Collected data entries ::
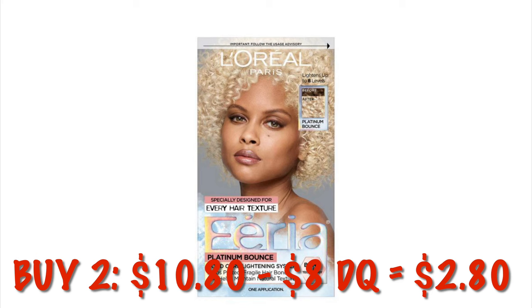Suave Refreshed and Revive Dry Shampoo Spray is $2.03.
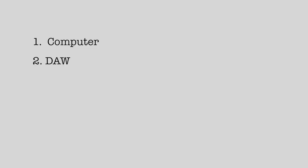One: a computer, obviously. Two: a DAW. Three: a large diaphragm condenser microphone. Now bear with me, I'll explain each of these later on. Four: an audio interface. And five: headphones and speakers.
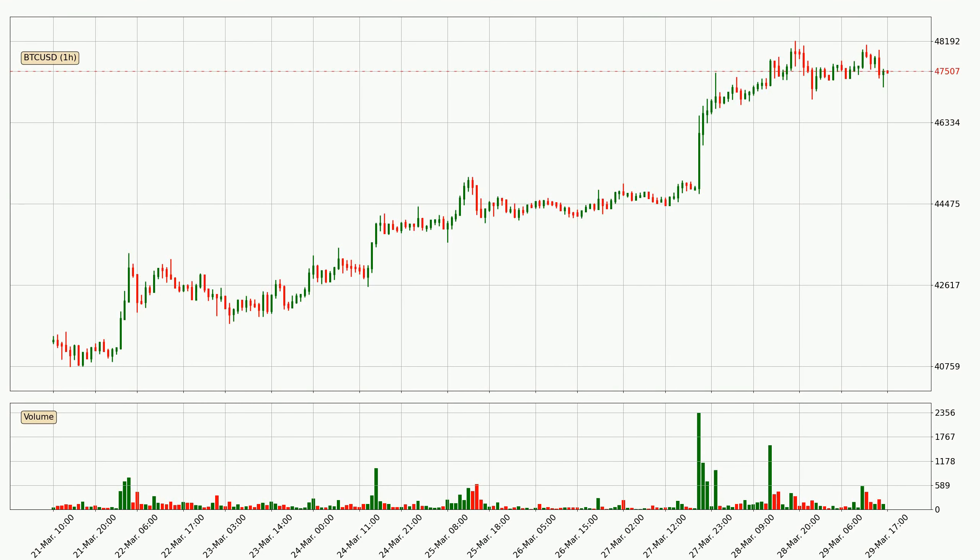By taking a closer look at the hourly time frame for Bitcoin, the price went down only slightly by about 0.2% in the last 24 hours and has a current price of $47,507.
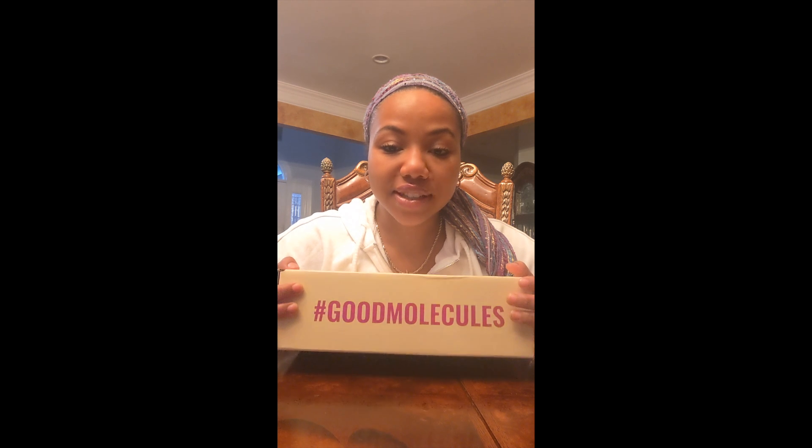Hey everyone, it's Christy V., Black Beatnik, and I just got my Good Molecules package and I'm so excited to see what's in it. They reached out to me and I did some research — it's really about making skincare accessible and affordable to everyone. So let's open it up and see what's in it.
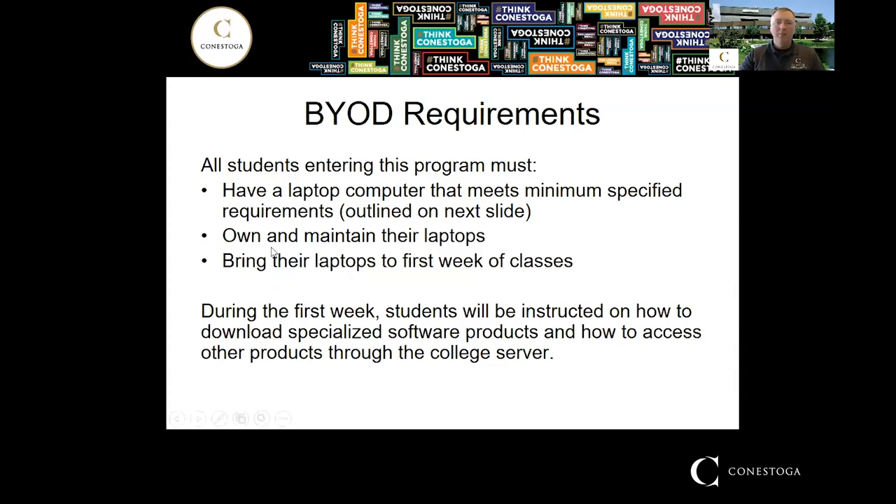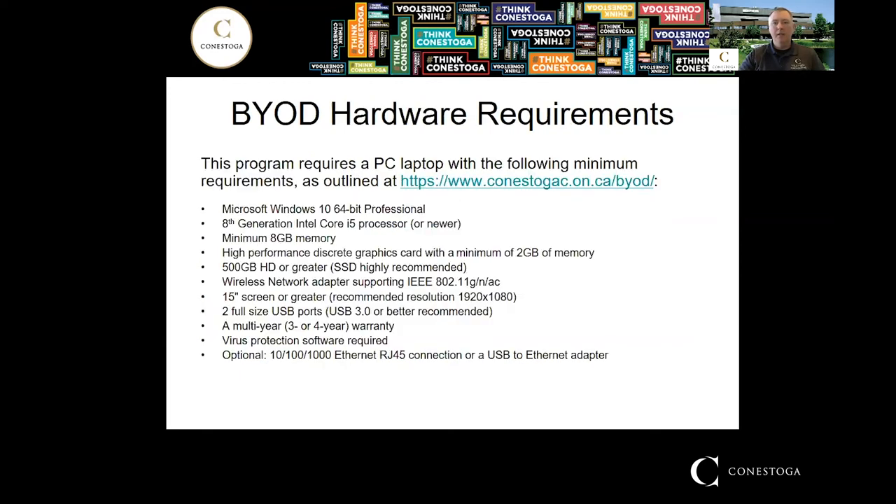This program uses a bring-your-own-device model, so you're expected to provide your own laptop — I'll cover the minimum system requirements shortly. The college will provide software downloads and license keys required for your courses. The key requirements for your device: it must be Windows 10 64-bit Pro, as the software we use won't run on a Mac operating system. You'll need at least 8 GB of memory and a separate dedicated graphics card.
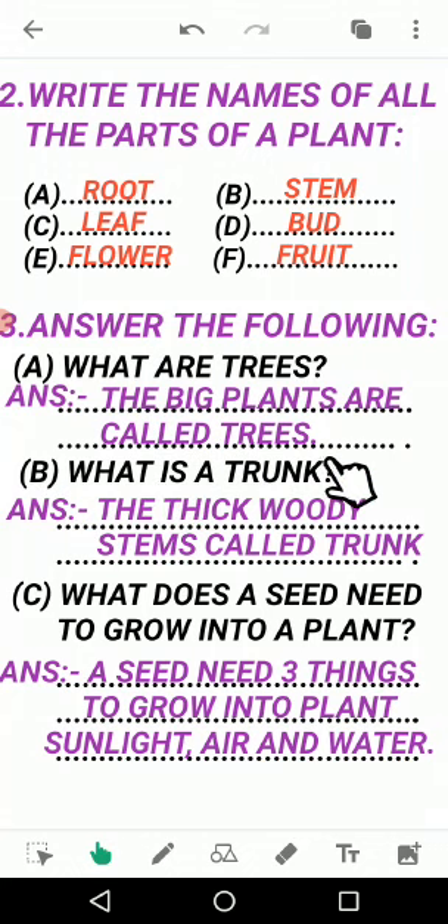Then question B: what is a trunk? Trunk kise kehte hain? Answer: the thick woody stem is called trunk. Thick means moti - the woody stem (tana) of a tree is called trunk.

Task goal ::
Output the records above as they stand, from the first line to the line with "This program uses", inclusive, and exclude the pictures.

The completed task ::
Suave Refreshed and Revive Dry Shampoo Spray is $2.03.
One: a computer, obviously. Two: a DAW. Three: a large diaphragm condenser microphone. Now bear with me, I'll explain each of these later on. Four: an audio interface. And five: headphones and speakers.
By taking a closer look at the hourly time frame for Bitcoin, the price went down only slightly by about 0.2% in the last 24 hours and has a current price of $47,507.
Hey everyone, it's Christy V., Black Beatnik, and I just got my Good Molecules package and I'm so excited to see what's in it. They reached out to me and I did some research — it's really about making skincare accessible and affordable to everyone. So let's open it up and see what's in it.
This program uses a bring-your-own-device model, so you're expected to provide your own laptop — I'll cover the minimum system requirements shortly. The college will provide software downloads and license keys required for your courses. The key requirements for your device: it must be Windows 10 64-bit Pro, as the software we use won't run on a Mac operating system. You'll need at least 8 GB of memory and a separate dedicated graphics card.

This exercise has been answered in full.